[Try it]
Print the lines in the listing below that fall between the line with "Raw Edge Ripped" and the line with "iPhone 16 NIVOpure", those two lines included, exactly as they stand and with nothing else.

[Supplied data]
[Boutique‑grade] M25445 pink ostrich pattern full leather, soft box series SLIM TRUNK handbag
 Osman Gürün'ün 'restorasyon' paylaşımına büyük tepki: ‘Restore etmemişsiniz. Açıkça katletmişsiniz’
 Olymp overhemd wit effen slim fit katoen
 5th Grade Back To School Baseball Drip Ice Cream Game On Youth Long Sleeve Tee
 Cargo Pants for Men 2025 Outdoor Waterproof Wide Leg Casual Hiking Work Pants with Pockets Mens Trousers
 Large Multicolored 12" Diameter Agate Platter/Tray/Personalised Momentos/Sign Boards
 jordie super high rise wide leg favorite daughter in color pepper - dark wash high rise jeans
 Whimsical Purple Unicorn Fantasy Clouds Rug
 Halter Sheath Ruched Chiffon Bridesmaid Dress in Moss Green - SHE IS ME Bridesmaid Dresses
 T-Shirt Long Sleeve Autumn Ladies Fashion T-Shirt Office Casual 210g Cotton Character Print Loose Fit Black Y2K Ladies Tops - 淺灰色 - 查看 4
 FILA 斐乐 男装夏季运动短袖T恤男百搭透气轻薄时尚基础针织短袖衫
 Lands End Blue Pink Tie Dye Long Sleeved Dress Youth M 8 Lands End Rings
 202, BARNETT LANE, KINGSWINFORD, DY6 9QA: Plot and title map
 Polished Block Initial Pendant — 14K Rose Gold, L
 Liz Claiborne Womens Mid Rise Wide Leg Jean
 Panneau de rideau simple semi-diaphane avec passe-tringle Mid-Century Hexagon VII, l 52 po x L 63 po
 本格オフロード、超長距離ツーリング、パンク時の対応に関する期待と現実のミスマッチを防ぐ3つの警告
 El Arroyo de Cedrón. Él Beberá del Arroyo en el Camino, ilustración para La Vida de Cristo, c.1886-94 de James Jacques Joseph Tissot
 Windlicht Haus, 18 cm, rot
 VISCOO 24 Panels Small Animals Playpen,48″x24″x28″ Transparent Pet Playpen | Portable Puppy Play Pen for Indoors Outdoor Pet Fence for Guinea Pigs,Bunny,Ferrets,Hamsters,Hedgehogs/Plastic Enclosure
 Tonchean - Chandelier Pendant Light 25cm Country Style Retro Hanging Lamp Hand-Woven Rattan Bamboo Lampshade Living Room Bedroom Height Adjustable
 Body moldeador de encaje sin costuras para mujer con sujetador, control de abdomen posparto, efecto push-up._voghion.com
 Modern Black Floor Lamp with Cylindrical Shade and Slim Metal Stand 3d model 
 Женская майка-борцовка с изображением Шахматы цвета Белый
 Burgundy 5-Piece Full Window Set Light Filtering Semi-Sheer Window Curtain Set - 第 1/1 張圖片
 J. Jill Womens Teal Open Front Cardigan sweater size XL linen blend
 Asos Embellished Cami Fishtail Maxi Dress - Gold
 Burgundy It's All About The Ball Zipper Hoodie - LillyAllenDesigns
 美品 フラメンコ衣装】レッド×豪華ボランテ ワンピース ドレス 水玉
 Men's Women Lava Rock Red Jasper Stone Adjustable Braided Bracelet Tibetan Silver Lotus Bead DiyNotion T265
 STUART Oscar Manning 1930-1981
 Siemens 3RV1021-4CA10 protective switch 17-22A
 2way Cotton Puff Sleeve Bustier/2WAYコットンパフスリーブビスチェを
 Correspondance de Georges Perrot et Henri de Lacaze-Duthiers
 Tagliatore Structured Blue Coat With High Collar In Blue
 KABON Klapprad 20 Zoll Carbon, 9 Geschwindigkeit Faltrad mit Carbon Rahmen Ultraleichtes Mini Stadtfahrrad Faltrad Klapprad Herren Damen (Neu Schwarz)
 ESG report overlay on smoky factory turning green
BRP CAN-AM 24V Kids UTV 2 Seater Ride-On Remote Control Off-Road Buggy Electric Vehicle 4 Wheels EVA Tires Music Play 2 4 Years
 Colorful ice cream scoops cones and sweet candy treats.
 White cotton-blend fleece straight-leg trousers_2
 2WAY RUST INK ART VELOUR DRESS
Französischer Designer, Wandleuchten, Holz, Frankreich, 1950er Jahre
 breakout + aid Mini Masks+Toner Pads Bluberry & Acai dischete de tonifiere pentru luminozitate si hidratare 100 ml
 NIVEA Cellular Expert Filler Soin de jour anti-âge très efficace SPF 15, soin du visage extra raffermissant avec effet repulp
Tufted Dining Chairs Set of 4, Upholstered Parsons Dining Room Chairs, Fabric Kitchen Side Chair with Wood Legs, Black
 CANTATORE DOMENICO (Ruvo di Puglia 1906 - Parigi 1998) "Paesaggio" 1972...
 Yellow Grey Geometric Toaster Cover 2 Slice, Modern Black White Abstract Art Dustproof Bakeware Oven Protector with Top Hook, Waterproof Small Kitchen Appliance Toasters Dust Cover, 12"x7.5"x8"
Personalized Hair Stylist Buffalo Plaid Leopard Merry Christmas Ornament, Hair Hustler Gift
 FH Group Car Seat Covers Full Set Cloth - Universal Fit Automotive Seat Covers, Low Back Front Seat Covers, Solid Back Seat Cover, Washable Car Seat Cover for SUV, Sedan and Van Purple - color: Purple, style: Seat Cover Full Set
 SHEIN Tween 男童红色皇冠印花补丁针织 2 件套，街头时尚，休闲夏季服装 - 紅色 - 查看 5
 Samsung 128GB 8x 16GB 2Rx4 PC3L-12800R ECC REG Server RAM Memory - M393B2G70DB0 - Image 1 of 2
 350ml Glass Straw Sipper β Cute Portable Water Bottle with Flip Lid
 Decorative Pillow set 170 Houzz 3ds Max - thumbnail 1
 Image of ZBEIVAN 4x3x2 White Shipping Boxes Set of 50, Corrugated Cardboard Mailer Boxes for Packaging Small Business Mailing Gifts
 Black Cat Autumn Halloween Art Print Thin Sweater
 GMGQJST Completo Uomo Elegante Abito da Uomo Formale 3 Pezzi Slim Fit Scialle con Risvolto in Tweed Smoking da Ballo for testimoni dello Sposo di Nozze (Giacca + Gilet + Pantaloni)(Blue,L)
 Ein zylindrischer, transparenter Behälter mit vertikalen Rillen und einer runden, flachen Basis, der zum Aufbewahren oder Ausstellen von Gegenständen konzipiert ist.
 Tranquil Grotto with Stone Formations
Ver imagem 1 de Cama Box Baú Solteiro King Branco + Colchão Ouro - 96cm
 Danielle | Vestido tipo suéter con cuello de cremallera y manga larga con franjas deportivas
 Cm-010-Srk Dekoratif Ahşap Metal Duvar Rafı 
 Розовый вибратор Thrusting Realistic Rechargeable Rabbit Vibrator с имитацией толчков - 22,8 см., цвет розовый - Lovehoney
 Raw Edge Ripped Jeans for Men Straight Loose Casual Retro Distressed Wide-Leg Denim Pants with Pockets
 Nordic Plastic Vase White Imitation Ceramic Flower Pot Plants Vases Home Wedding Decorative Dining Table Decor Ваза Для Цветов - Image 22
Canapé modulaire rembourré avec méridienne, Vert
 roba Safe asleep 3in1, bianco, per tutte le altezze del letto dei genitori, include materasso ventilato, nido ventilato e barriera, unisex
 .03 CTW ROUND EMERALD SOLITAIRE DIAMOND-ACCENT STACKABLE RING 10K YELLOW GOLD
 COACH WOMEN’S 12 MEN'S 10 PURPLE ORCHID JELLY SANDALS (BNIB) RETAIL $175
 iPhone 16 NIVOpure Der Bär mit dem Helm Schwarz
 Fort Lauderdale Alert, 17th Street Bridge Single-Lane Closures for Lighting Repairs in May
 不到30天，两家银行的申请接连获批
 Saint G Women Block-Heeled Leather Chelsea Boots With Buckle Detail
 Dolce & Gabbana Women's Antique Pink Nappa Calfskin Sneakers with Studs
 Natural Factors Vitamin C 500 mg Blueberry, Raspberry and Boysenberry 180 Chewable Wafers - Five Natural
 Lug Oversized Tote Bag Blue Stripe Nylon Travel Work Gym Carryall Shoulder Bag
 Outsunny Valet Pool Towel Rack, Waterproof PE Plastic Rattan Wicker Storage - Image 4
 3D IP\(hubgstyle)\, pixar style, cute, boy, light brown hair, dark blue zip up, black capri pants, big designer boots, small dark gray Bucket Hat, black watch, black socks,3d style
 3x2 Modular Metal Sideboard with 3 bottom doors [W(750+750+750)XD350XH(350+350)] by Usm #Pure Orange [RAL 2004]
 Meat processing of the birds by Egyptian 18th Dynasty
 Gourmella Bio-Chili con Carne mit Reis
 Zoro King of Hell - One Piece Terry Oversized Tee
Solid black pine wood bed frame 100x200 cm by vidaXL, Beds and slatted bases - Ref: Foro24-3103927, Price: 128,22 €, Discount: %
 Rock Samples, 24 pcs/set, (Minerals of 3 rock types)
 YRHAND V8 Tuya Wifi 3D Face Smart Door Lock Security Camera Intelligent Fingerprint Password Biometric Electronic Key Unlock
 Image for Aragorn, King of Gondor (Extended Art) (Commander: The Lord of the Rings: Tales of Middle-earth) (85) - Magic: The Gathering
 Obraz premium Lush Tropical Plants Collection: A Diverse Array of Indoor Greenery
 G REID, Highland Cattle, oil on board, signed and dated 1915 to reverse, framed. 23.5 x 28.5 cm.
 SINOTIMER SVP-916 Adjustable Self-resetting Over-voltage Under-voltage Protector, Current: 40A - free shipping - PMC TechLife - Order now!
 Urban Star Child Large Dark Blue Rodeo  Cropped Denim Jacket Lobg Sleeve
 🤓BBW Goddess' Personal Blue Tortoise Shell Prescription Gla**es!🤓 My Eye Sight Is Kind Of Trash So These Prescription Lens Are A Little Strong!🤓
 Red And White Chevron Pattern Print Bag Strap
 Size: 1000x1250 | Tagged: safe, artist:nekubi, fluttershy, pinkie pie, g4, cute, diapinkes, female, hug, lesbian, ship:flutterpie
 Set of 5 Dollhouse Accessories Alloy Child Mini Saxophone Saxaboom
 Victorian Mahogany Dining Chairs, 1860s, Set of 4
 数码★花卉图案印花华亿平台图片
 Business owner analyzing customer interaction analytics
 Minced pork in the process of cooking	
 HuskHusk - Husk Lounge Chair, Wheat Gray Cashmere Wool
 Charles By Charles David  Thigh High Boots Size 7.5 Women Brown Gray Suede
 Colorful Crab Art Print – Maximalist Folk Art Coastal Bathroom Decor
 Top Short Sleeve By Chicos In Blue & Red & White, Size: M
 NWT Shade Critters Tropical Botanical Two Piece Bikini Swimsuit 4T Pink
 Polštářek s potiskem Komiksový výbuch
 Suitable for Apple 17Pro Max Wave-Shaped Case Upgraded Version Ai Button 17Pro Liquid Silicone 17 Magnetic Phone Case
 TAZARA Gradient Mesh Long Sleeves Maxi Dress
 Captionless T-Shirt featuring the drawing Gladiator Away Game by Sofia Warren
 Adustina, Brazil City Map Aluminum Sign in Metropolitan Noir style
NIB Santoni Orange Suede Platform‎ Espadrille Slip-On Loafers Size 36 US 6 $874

[Answer to the exercise]
 Raw Edge Ripped Jeans for Men Straight Loose Casual Retro Distressed Wide-Leg Denim Pants with Pockets
 Nordic Plastic Vase White Imitation Ceramic Flower Pot Plants Vases Home Wedding Decorative Dining Table Decor Ваза Для Цветов - Image 22
Canapé modulaire rembourré avec méridienne, Vert
 roba Safe asleep 3in1, bianco, per tutte le altezze del letto dei genitori, include materasso ventilato, nido ventilato e barriera, unisex
 .03 CTW ROUND EMERALD SOLITAIRE DIAMOND-ACCENT STACKABLE RING 10K YELLOW GOLD
 COACH WOMEN’S 12 MEN'S 10 PURPLE ORCHID JELLY SANDALS (BNIB) RETAIL $175
 iPhone 16 NIVOpure Der Bär mit dem Helm Schwarz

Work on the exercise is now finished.